Wenn er geltend macht, die ihm bis Ende der ersten Rahmenfrist zustehenden Urlaubstage im Vertrauen auf die Falschauskunft bezogen zu haben, statt sich in dieser Zeit um Arbeit zu bemühen, handelt es sich um eine von vornherein unzulässige neue Tatsachenbehauptung (Art. 93 Abs. 1 BGG; E. 1.1 hiervor).
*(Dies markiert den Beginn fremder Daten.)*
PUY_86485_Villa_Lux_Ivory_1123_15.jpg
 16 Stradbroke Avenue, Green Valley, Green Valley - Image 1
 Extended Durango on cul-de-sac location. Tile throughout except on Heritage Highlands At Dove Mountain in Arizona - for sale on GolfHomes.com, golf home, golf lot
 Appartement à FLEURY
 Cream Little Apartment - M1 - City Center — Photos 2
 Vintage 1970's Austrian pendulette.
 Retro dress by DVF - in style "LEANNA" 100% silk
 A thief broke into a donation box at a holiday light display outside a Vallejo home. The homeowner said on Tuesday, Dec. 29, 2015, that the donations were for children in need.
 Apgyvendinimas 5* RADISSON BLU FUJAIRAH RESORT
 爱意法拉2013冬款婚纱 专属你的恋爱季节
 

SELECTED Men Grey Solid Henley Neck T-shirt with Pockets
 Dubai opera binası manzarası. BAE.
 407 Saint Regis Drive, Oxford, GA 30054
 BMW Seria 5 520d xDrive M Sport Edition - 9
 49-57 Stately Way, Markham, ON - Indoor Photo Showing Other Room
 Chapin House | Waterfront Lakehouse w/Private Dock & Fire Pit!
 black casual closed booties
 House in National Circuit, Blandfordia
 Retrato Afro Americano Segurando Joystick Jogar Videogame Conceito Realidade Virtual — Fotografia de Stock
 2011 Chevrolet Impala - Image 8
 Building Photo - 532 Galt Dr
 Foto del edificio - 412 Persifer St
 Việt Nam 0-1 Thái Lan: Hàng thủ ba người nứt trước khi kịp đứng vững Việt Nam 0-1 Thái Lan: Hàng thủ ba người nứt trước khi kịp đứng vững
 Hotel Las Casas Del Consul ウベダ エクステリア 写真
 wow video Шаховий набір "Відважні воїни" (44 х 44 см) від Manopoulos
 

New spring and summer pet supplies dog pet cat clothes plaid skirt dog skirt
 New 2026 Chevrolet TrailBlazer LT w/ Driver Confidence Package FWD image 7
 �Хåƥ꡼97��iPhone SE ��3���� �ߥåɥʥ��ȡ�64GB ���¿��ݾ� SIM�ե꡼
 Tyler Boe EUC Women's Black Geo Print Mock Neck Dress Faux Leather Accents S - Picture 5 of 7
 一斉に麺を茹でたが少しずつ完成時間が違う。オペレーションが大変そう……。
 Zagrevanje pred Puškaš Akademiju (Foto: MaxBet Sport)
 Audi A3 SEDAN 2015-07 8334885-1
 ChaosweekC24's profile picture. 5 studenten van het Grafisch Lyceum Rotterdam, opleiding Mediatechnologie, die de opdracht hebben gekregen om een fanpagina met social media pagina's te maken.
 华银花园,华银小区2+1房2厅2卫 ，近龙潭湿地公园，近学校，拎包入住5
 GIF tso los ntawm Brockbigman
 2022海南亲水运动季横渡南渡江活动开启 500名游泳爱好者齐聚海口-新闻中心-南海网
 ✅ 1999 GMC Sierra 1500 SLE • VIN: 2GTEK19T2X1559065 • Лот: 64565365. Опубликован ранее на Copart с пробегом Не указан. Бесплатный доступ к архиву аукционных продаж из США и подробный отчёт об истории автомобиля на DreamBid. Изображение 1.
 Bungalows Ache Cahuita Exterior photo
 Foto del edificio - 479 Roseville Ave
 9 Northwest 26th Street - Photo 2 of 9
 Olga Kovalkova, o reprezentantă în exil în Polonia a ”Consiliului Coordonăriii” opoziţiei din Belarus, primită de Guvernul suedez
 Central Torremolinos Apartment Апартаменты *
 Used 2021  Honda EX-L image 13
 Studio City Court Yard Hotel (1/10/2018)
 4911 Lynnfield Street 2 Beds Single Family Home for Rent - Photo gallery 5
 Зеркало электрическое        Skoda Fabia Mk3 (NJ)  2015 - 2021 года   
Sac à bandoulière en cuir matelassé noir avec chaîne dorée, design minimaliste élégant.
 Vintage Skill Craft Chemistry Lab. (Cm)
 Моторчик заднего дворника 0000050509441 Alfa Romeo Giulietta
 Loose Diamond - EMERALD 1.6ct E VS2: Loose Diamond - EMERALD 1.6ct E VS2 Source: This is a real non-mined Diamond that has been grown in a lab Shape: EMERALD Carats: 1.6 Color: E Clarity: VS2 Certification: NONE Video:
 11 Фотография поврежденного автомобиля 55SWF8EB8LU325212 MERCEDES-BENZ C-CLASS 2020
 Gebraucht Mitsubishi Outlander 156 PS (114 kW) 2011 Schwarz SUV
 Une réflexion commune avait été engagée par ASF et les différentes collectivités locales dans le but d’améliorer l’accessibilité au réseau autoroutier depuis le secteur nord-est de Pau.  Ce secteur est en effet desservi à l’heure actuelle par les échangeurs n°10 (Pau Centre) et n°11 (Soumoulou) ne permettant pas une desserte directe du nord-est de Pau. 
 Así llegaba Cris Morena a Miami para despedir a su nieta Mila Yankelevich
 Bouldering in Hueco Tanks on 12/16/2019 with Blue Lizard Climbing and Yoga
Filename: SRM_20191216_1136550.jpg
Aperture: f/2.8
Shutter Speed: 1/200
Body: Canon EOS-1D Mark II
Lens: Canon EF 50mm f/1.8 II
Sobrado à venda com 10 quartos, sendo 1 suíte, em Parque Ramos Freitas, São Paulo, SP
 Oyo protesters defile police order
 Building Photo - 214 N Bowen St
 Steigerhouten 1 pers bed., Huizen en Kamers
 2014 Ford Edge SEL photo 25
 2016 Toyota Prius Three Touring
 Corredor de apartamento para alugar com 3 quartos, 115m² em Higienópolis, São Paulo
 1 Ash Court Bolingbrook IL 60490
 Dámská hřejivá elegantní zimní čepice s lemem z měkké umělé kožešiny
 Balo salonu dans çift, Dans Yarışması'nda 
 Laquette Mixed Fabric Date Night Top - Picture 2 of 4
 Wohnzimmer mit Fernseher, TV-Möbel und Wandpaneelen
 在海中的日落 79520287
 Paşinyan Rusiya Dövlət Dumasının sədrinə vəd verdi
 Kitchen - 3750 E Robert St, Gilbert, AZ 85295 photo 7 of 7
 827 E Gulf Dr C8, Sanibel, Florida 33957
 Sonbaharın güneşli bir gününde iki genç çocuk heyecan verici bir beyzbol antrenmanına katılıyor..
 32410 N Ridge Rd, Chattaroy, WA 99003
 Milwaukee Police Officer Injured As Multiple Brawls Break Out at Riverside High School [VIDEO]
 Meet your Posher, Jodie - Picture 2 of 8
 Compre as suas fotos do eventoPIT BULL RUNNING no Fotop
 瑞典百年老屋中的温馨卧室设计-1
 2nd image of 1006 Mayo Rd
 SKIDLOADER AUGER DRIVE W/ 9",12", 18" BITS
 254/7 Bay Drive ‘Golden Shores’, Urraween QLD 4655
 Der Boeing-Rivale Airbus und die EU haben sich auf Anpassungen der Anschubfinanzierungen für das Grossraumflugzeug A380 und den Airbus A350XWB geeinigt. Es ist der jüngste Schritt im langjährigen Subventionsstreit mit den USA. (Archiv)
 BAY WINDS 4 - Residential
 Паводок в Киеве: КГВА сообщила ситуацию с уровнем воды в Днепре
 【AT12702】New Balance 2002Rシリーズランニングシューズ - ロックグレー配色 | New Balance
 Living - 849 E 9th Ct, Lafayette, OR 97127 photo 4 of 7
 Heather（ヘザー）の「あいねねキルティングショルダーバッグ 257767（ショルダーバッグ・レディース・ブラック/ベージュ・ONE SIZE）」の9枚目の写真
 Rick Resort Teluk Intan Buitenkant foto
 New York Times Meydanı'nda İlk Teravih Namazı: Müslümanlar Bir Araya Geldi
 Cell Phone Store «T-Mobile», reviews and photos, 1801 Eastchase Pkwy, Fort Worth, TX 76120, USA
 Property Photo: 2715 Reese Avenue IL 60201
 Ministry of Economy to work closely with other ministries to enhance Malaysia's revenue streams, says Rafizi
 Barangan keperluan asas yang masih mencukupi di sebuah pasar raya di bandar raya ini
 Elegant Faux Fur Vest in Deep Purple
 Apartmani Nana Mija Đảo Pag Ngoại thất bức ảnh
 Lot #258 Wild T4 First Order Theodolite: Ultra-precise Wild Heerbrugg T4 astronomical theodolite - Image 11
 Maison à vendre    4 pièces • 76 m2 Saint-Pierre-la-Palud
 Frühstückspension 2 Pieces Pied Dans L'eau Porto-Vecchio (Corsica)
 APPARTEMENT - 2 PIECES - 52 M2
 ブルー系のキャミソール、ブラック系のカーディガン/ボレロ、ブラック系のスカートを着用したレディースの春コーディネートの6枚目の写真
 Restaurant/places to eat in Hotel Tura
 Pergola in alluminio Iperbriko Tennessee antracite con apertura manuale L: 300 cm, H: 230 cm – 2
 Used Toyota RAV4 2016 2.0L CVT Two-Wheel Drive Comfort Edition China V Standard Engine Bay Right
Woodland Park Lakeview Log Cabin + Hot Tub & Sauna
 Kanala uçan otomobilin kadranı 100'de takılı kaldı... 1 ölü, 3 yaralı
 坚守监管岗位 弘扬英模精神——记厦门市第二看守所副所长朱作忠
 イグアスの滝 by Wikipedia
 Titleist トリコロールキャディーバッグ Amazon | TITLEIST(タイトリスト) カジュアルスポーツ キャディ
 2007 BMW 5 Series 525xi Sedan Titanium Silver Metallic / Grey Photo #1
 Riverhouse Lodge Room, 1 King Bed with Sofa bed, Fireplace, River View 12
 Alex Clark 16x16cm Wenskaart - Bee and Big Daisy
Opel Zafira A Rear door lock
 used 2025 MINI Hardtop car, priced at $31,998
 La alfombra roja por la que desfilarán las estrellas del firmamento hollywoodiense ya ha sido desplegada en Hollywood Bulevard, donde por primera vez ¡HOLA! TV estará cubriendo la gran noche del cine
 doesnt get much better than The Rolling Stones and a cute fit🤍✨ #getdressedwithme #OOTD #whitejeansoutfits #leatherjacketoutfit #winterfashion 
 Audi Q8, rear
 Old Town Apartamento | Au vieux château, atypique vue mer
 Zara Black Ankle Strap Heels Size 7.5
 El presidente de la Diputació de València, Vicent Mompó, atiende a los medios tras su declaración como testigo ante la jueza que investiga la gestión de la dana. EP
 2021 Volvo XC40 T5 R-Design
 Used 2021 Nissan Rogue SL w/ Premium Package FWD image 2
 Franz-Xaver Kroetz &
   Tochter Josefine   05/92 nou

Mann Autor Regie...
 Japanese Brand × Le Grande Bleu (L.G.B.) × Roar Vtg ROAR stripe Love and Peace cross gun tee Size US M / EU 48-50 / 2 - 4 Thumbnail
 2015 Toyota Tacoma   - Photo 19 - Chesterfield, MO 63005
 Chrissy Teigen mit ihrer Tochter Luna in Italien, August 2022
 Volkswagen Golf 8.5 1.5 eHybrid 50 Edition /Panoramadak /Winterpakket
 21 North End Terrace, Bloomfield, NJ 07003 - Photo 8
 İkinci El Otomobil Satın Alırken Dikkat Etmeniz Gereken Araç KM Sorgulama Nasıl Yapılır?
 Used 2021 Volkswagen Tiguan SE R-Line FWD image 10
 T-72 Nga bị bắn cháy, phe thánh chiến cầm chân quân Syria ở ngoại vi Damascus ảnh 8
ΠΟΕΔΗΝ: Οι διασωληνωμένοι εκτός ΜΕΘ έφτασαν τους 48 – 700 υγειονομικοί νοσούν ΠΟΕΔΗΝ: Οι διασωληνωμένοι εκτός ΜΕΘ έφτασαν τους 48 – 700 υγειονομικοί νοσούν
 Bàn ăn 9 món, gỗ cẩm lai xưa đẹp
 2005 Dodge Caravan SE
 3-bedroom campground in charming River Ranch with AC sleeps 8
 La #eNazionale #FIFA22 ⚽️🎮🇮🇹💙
Abgesehen davon ist damit nicht rechtsgenüglich aufgezeigt, dass der Beschwerdeführer selbst bei vorhandenen Bemühungen um eine neue Arbeitsstelle in dieser Zeit auch tatsächlich eine solche gefunden und so die fehlenden Beitragstage ausgefüllt hätte (s. BGE 143 V 95 E. 3.6.2, darin erwähnte Voraussetzung e). 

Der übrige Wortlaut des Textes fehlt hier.